Laura: I read it first in a really fantastic anthology called Leading Women: Plays for Actresses 2. Incidentally, that’s also where I first read our recent play, Collected Stories. Even reading Anton, I laughed out loud, and I immediately started using one of the speeches as an audition monologue. The author and all the characters seem to know deep in their hearts that theater is a bad bet as a profession, (especially for an actress), but they just all love it so much, they can’t help but hope for a happy ending. Variety’s review had a perfect description: “Simultaneously a love letter and a poison pen letter to the American theatre.”
Q. I was recently asked by someone why American actors and directors love Chekhov so much. What’s your answer to that question? What’s your own relationship to Chekhov like?
Laura: Well, I think Chekhov was significant when he wrote because it was truly something new–they were tragicomedies, and they are about ordinary people but used beautiful language. But most of all, his characters were subtle and psychologically complex, calling for nuanced, naturalistic performances (and this was a time when the Russian acting style was quite overblown and stylized–Stanislavski’s acting method was a reaction to that).
But why do American theaters love him so much? Seattle Times critic Misha Berson wrote a very insightful opinion piece on just that question: “We have more than enough fairy tales of wish-fulfillment and revenge. What Chekhov presents to us, tenderly and harshly, is truth. The hilarious, absurd, thorny truth about human nature, in all its infectious joy and self-sabotaging blindness.” In a nation of striving moralists espousing self determination and hard work, maybe we Americans sometimes need to admit that Walt Disney is wrong, and not all dreams come true.
I fear this will out me as a cretin, but I do not love Chekhov. I’m guilty of being a bit of an Anglophile in my literary favorites (adding American playwrights to British Isles.) Maybe they are translation issues. Many of us had a field trip to DePaul University Theater to see a lovely production of Three Sisters last month, and there were definitely moments that genuinely moved me. But, in general, give me Wilde or Shaw for wit and social commentary, and Williams or Inge for tales of longing and loss.
Q. We’ve only ever dealt with the lighter side of Chekhov’s work–in our first season, Corinna directed The Bear, and then years later Bill directed Neil Simon’s adaptation of Chekhov’s short stories, The Good Doctor. Three Sisters has its comic moments, but it’s not the same kind of comedy. What do you think Three Sisters means to the actresses at the heart of this play? Why do they think it’s so important to find a way to put this on, despite all the hilarious obstacles and setbacks?

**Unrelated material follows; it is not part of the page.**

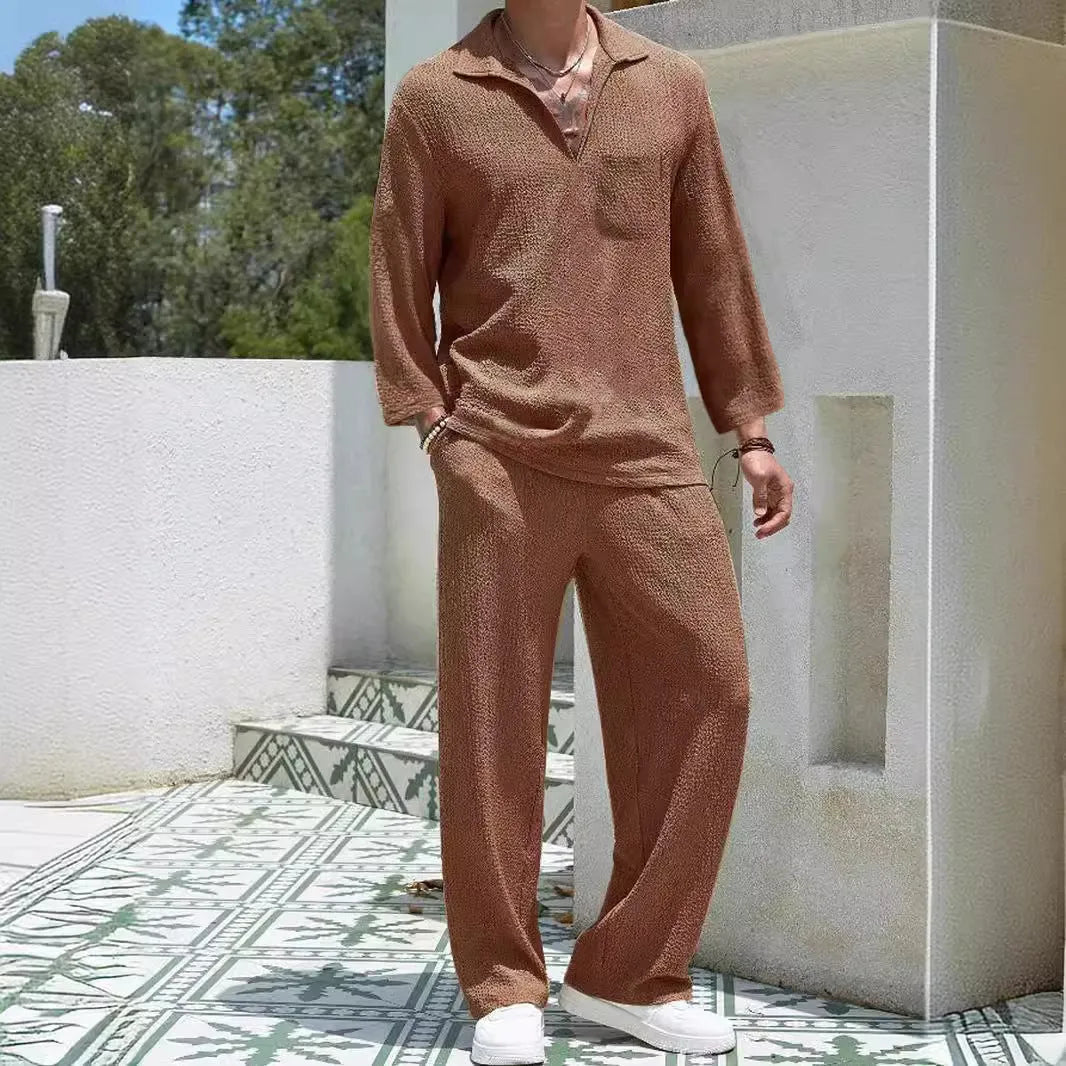 Men's casual shirt and trouser suit set in polyester fabric available in four colours.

Laura: Well, director #1 in our play, Ralph, thinks 3 Sisters is “funny, funny, funny, tragic.” Three Sisters means different things to the different characters– and not just the actresses (for instance, the hilarious costume designer totally gets it.) Holly, the starlet, doesn’t really care about Chekhov. She just wants to show she’s a legit actress by doing classical theater. I think she wants to make the show happen to prove herself, but also because she’s really become attached to her “sisters.” Casey and Lisabette have deeper connections to the play, and to theater in general. And their dynamic has its own little tragedy: while it’s a beginning for Lisabette, it might be a last shot at making a living as an actress for Casey.
Q. So this is a comedy about Chekhov, but it’s also a comedy about theater. What is it about theater that you think Martin gets to the heart of in this play?
Q. Cross-gender casting has long been a fact of life at the HPCP, but this is the first show we’ve done where the author insists that all roles, including the male ones, have to be played by women. Why do you think Martin made that a requirement? What would be different about this show if she hadn’t?
Q. Is there anything else you want the audience to know about Anton in Show Business?
Laura: Mainly that it’s really funny. I’ve talked here about all the serious underpinnings, but the truth is, you don’t need to experience it that way. These women are just hilarious characters. So please, come laugh with us. Also, in the spirit of this very “meta” play we have another layer of self-referential theater jokes: see if you can find the references to our Hyde Park Community Players’ past productions!